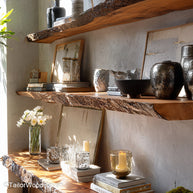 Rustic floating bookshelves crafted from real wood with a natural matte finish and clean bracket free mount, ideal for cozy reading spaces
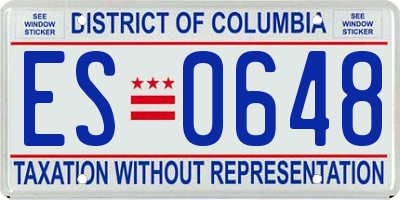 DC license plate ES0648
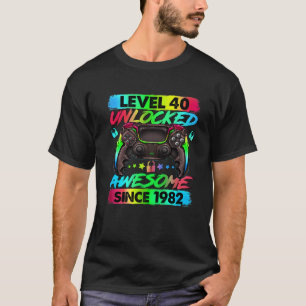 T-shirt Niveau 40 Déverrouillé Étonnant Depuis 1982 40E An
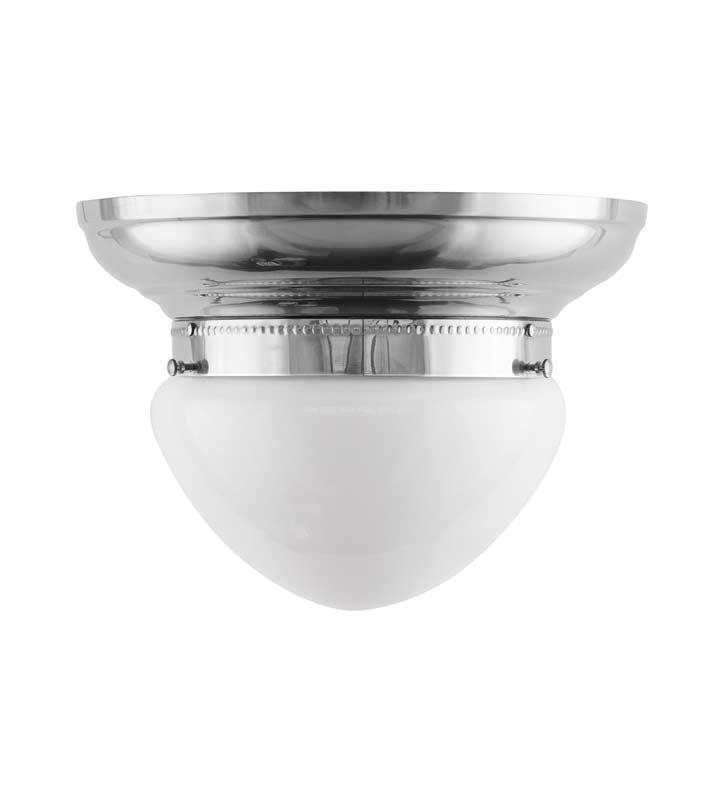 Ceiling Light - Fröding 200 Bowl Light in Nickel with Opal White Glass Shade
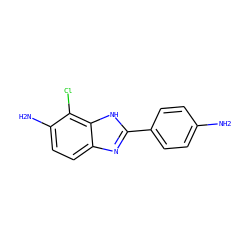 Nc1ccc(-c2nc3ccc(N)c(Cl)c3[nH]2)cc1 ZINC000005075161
--
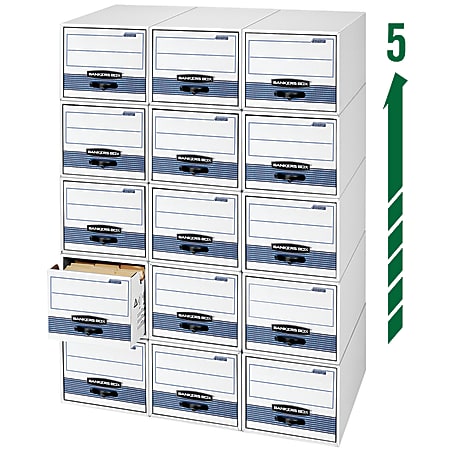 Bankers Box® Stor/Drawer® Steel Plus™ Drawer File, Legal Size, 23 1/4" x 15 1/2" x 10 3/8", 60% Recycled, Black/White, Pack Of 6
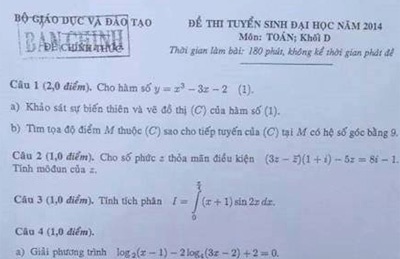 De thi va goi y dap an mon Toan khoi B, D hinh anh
* * *
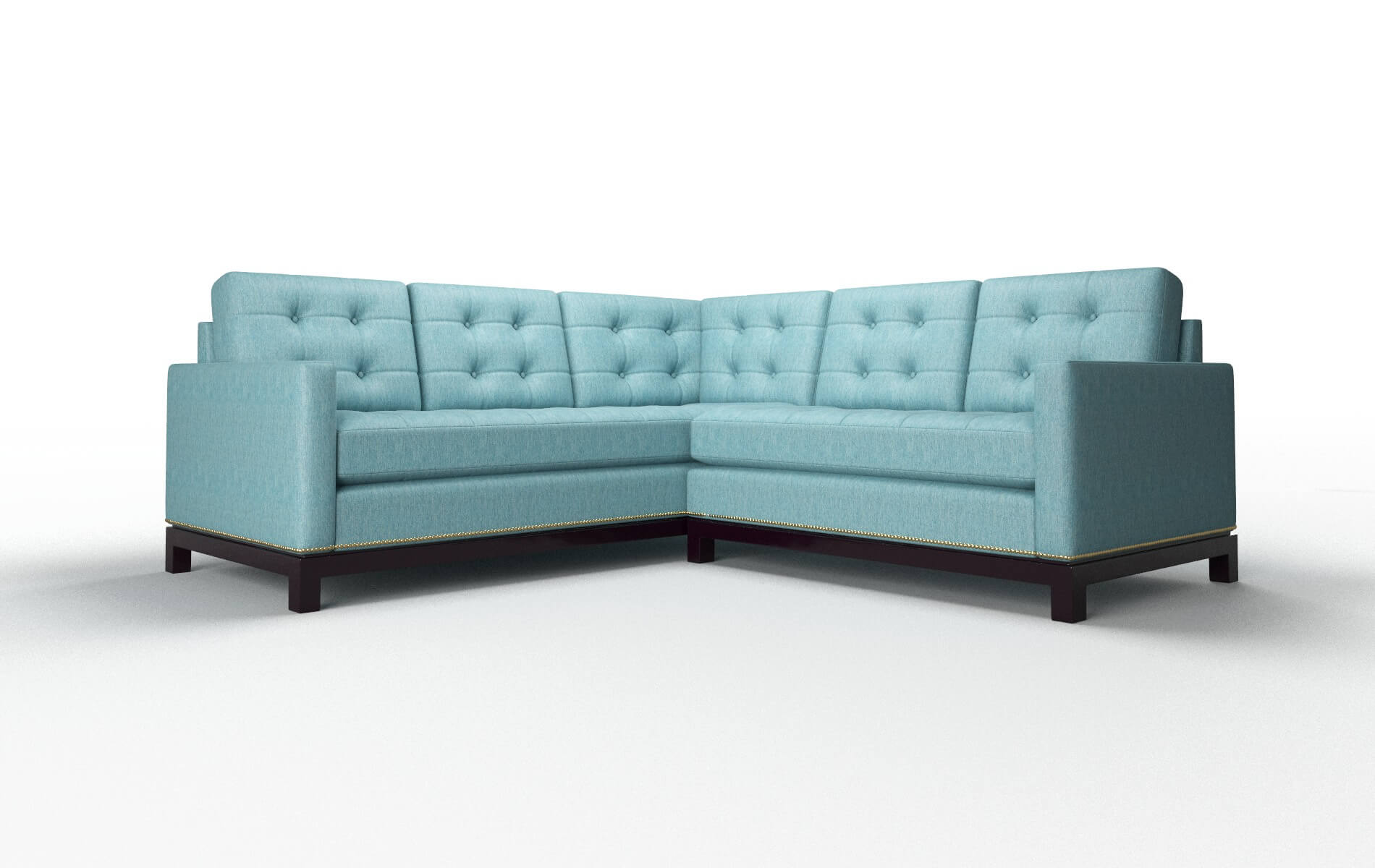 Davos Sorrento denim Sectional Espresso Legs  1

Exercise details » Write out, word for word, the stretch of entries that begins at the line with "Bankers Box® Stor/Drawer®" and ends at the line with "De thi va goi". Pictures do not belong in it.

Result for this task »
 Bankers Box® Stor/Drawer® Steel Plus™ Drawer File, Legal Size, 23 1/4" x 15 1/2" x 10 3/8", 60% Recycled, Black/White, Pack Of 6
 De thi va goi y dap an mon Toan khoi B, D hinh anh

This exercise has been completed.